Public Policy Investment

I am very pleased to announce that a paper long in progress with Peter John (University College London) has been accepted for publication in the British Journal of Political Science.  An earlier version of the paper was mentioned in this post, but the forthcoming paper can be found here and an abstract as follows:

We set out a theory of political capital investment to explain how democratic governments emphasize specific public policies. Our claim is that governments seek to enhance their chances of re-election by managing their portfolio of public policies in a calculated manner. In this way, government is like an investor making choices about risk to yield return on its investments of political capital. We introduce a quantitative method for assessing risk and return in government policy portfolios. An active investment strategy emerges as an element of statecraft; stability in returns is crucial and governments assume significant risk to maintain it. Do the public reward returns to political capital? Do they punish risky policy investments? How do the returns to policy investmentguide political management and statecraft? We address these questions through time-series analyses of risk and return in the case of Britain between 1971-2000. Our findings reveal that risk and return predict election outcomes and that returns, risk profiles and the uncertainty in public signals influence the prioritisation of policies.  

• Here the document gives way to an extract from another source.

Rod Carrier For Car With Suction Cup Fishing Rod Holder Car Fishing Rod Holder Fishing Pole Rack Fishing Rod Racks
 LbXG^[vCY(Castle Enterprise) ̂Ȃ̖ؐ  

The paper is part of a larger project that includes a book with Oxford University Press that we expect to complete early this fall and comparative work with  Laura Chaqués and Anna Palau of the Spanish Policy Agendas Project team and others who we will be meeting at the Comparative Policy Agendas conference next week in Reims.  Peter and I will be presenting some results from the project at the upcoming European Political Science Association meetings in Berlin this month.  I will provide more information about the project in future posts that I hope will be of interest.